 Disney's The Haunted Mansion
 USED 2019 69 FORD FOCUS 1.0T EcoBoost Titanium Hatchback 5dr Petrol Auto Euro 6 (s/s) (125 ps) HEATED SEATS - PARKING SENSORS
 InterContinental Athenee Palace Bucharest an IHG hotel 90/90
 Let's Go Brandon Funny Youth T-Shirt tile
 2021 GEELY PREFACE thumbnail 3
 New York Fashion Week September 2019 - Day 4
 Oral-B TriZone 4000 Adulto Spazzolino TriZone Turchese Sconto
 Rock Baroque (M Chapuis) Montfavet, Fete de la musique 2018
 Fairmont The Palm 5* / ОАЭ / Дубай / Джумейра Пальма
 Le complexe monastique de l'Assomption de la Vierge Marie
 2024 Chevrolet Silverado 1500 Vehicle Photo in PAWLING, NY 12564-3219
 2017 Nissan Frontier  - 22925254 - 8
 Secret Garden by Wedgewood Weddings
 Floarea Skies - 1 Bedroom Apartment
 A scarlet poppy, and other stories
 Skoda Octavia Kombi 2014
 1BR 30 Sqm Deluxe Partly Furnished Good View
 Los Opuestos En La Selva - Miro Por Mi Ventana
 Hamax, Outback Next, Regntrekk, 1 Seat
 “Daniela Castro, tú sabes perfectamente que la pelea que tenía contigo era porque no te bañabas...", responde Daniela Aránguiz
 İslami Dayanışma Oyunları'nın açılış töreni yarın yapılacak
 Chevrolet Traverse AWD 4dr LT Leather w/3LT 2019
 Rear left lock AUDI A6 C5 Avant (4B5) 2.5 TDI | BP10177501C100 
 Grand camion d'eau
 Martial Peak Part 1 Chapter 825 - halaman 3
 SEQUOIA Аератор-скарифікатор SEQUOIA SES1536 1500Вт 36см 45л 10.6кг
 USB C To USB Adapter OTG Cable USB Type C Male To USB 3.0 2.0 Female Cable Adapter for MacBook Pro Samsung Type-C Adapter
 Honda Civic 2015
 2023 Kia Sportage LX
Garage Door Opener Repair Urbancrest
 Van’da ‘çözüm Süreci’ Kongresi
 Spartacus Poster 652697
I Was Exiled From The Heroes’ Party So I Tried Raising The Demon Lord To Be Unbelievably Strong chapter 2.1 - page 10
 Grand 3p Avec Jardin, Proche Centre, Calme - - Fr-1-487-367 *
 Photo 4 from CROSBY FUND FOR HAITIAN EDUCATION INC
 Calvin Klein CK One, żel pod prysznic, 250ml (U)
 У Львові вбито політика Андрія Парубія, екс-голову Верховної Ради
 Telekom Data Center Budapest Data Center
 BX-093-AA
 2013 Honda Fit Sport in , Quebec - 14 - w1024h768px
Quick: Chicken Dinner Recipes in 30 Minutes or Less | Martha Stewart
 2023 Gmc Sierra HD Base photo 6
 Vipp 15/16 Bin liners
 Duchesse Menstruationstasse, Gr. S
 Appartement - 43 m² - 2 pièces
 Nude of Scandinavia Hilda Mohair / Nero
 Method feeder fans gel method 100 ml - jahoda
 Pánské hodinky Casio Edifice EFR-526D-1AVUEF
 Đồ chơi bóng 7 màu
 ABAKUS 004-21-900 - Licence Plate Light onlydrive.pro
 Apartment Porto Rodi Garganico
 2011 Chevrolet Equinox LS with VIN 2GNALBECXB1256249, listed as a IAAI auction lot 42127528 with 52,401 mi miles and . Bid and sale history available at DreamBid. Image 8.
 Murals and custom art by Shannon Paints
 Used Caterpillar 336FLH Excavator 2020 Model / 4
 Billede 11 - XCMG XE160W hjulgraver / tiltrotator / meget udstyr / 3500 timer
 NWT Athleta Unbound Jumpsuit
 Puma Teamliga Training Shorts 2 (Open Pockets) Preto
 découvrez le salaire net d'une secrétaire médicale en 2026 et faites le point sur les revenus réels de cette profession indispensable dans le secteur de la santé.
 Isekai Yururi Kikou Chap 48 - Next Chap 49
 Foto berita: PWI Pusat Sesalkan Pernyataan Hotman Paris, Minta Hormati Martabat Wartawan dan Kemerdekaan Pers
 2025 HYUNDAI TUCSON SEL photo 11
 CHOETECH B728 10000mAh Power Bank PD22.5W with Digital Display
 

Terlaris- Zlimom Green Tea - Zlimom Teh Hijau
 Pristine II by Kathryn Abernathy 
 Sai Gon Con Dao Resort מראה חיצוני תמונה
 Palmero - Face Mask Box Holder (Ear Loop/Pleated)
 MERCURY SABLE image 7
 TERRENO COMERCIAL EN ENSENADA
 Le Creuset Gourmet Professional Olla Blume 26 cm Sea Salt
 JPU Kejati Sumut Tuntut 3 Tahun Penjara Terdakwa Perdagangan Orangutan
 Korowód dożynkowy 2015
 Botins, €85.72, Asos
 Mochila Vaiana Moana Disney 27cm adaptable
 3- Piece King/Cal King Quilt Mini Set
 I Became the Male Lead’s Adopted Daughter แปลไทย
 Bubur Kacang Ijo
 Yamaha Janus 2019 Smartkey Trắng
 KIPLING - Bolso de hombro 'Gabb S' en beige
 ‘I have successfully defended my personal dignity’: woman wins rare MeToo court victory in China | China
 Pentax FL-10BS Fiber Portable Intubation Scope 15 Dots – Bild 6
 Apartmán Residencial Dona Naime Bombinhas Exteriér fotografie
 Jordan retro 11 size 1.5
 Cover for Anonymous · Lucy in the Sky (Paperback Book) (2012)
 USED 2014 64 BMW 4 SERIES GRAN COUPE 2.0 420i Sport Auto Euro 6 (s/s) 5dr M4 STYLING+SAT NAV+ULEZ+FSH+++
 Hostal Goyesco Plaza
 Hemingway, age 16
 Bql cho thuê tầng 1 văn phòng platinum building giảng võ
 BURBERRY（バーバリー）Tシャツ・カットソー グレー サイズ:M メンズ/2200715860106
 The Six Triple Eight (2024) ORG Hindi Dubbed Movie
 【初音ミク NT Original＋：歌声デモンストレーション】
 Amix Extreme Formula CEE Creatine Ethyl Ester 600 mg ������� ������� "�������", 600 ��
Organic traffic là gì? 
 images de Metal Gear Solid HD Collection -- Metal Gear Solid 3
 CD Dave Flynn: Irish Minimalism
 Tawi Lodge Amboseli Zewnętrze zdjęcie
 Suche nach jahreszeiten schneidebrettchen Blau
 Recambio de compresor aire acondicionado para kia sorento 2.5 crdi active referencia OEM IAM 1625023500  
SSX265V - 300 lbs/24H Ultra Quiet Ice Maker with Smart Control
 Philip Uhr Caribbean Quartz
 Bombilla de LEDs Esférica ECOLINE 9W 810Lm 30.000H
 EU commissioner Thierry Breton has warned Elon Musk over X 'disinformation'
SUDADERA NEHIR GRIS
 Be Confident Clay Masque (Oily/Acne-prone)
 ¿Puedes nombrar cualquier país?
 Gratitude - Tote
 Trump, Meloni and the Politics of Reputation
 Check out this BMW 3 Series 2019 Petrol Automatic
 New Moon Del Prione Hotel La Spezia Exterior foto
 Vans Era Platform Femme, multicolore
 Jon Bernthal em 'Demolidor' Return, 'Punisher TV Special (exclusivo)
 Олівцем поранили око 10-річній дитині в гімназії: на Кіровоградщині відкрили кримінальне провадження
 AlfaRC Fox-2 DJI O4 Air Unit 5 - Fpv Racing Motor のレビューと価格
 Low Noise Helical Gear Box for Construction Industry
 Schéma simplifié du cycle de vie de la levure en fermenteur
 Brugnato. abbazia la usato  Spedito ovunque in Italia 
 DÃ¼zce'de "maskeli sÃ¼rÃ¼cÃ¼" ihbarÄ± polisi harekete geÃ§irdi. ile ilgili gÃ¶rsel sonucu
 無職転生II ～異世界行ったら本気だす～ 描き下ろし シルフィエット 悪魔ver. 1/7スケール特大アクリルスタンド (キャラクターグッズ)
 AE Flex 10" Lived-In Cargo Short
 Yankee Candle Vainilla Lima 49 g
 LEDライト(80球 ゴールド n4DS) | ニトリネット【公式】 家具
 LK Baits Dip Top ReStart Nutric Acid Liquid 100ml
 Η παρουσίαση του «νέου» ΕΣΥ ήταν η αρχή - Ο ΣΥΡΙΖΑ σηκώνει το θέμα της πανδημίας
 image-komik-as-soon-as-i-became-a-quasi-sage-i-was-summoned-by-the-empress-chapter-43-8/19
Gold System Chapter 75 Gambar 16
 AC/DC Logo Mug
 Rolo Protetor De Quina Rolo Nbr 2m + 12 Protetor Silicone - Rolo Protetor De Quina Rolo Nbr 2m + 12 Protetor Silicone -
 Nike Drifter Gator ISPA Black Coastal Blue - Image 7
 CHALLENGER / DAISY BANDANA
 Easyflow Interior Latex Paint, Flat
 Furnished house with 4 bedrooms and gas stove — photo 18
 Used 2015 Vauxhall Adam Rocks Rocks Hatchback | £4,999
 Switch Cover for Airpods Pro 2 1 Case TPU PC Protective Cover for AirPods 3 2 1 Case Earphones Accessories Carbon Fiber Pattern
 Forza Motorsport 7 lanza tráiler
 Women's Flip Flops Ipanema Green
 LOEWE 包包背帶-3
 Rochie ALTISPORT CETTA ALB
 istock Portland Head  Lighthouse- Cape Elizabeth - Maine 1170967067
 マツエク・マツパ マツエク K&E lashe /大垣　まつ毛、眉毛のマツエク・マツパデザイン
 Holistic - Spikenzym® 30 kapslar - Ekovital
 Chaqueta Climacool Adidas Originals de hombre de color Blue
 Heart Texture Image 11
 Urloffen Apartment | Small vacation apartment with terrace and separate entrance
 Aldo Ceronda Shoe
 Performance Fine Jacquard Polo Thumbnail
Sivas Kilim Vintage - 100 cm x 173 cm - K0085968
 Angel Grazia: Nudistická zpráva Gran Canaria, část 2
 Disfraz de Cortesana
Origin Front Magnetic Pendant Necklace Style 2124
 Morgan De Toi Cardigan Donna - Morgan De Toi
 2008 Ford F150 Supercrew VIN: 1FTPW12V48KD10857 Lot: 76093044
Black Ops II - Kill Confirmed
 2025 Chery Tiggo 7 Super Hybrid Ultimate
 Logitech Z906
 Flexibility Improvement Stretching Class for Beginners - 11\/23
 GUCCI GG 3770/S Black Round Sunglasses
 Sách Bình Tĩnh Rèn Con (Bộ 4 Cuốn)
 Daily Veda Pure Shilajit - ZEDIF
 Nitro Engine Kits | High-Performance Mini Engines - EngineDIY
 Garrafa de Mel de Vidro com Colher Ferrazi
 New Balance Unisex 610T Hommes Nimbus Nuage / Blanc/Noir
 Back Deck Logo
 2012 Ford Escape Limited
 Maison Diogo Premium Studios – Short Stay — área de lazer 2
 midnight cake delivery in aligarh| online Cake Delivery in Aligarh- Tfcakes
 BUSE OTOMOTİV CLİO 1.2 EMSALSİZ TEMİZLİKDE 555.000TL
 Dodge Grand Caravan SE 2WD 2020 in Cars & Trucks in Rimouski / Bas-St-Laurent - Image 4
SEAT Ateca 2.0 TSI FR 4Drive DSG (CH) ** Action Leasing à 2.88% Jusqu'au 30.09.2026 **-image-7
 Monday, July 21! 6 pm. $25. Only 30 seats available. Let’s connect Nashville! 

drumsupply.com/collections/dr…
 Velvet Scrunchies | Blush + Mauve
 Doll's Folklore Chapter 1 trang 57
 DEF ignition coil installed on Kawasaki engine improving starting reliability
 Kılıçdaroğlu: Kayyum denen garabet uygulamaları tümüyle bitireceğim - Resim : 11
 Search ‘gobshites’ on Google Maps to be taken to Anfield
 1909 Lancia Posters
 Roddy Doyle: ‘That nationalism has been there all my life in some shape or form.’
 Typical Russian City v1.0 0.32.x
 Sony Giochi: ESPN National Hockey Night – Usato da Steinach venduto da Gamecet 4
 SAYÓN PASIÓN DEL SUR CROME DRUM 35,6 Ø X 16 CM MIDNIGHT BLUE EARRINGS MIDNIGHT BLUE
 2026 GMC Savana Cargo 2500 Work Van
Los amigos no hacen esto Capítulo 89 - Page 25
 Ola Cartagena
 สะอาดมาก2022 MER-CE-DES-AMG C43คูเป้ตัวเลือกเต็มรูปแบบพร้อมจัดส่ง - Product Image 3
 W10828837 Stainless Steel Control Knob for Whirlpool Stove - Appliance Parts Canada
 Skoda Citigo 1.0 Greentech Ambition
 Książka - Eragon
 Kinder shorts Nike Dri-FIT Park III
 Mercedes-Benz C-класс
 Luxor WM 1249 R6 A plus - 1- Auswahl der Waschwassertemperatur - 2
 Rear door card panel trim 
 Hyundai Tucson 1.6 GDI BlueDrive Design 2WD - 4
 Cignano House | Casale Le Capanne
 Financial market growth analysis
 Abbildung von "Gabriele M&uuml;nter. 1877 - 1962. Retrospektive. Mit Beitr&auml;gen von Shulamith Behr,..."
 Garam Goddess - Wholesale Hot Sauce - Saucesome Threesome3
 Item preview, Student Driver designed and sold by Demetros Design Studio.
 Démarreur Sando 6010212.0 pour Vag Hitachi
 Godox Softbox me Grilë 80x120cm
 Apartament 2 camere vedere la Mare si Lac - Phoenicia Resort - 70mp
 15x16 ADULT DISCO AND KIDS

──────────

Your task is to restate, word for word, only those lines above that fall between the line holding "Telekom Data Center Budapest Data Center" and the line holding "Đồ chơi bóng 7 màu", inclusive.

 Telekom Data Center Budapest Data Center
 BX-093-AA
 2013 Honda Fit Sport in , Quebec - 14 - w1024h768px
Quick: Chicken Dinner Recipes in 30 Minutes or Less | Martha Stewart
 2023 Gmc Sierra HD Base photo 6
 Vipp 15/16 Bin liners
 Duchesse Menstruationstasse, Gr. S
 Appartement - 43 m² - 2 pièces
 Nude of Scandinavia Hilda Mohair / Nero
 Method feeder fans gel method 100 ml - jahoda
 Pánské hodinky Casio Edifice EFR-526D-1AVUEF
 Đồ chơi bóng 7 màu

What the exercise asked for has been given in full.